Ora, non v'è dubbio che una disciplina quale quella in esame-a parte ogni considerazione in ordine alle incertezze interpretative e applicative che può in concreto suscitare - e tale, per il suo carattere indiscriminato, da determinare una irragionevole alterazione in quel naturale rapporto di corrispondenza che, in tutto il settore del pubblico impiego, non può non collegare il livello retributivo alla qualifica esercitata. Se e vero, infatti - come afferma la difesa regionale - che il meccanismo in contestazione viene a incidere soltanto sulla progressione economica nell'ambito della qualifica (senza modificare il principio dell'accesso alla stessa mediante concorso), e anche vero che la previsione di uno scorrimento illimitato tra le varie fasce funzionali in base al solo criterio dell'anzianità finisce, nella sostanza, per togliere valore all'ordine delle stesse qualifiche ed ai diversi requisiti di preparazione, competenza e professionalità che per ciascuna di esse sono richiesti.

Attraverso il meccanismo in esame il dipendente collocato in ragione della sua qualifica in una fascia funzionale meno elevata potrebbe, infatti, raggiungere, con passaggi successivi determinati dalla sola durata del servizio, i livelli retributivi propri delle fasce più elevate, riservate nella naturale progressione delle carriere alle qualifiche che richiedono titoli di studio più impegnativi ed esperienze più specializzate. La possibilità di tale livellamento retributivo, ancorato al solo parametro automatico dell'anzianità, non può non contrastare con il canone del buon andamento fissato dall'art 97 Cost., dal momento che, oltre a rompere il rapporto tra qualifiche e fasce funzionali, viene ingiustificatamente a deprimere quei profili di merito e di professionalità che, congiuntamente all'anzianità, devono orientare e ispirare-anche alla luce dei principi desumibili dalla l. 29 marzo 1983 n. 93-lo sviluppo delle carriere e delle posizioni retributive nell'ambito del pubblico impiego.
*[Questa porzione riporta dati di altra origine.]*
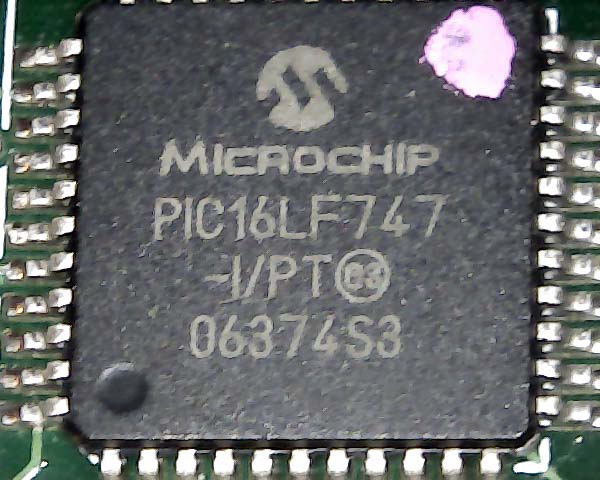 Duplicate Microcontroller PIC16LF747 Flash Heximal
7. - Tra le norme impugnate compare anche l'art. 26, concernente la proroga del termine massimo di utilizzazione del personale tecnico regionale comandato o utilizzato in uffici diversi da quelli di appartenenza: ma la totale assenza nel ricorso di profili di impugnativa riferiti a tale norma rende inammissibile la domanda.
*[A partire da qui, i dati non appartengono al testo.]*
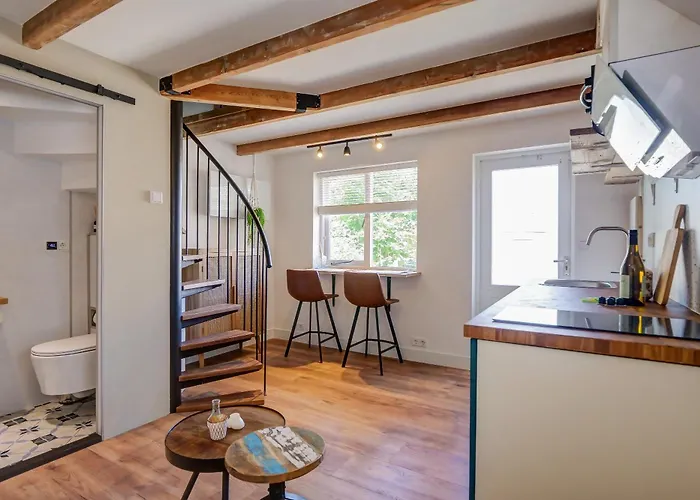 Tiny Beachhouse * بيتين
8.-Essendo intervenute, nelle more del giudizio, la promulgazione e la pubblicazione della l. r. 15 giugno 1988 n. 11, che hanno completato l'iter normativo connesso alla delibera legislativa di cui e causa, la pronuncia della Corte va adottata nei confronti di tale legge.

 

PER QUESTI MOTIVI

LA CORTE COSTITUZIONALE

 

1. dichiara l'illegittimità costituzionale dell'art. 4 della legge della Regione siciliana 15 giugno 1988 n. 11 (Disciplina dello stato giuridico ed economico del personale dell'Amministrazione regionale per il biennio 1985-87 e modifiche ed integrazioni alla normativa concernente lo stesso personale);

2. dichiara inammissibile la questione di legittimità costituzionale sollevata, con il ricorso di cui in epigrafe, nei confronti dell'art. 26 della stessa legge regionale;

3. dichiara non fondate le questioni di legittimità costituzionale sollevate, con il ricorso di cui in epigrafe, nei confronti degli artt. 1, secondo comma, 7, 8, terzo comma, 9, 11, 16, 21, 23, 24, 25 e 28 della stessa legge regionale, con riferimento agli artt. 3, 36 e 97 della Costituzione ed all'art. 4 della l. 29 marzo 1983 n. 93.

 

Così deciso in Roma, nella sede della Corte costituzionale, Palazzo della Consulta, il 11/01/89.

 

Giovanni CONSO,Presidente - Ettore GALLO - Aldo CORASANITI - Giuseppe BORZELLINO - Francesco GRECO - Renato DELL'ANDRO - Gabriele PESCATORE - Ugo SPAGNOLI - Francesco Paolo CASAVOLA - Antonio BALDASSARRE - Vincenzo CAIANIELLO - Mauro FERRI - Luigi MENGONI - Enzo CHELI.

 

Depositata in cancelleria il 24/01/89.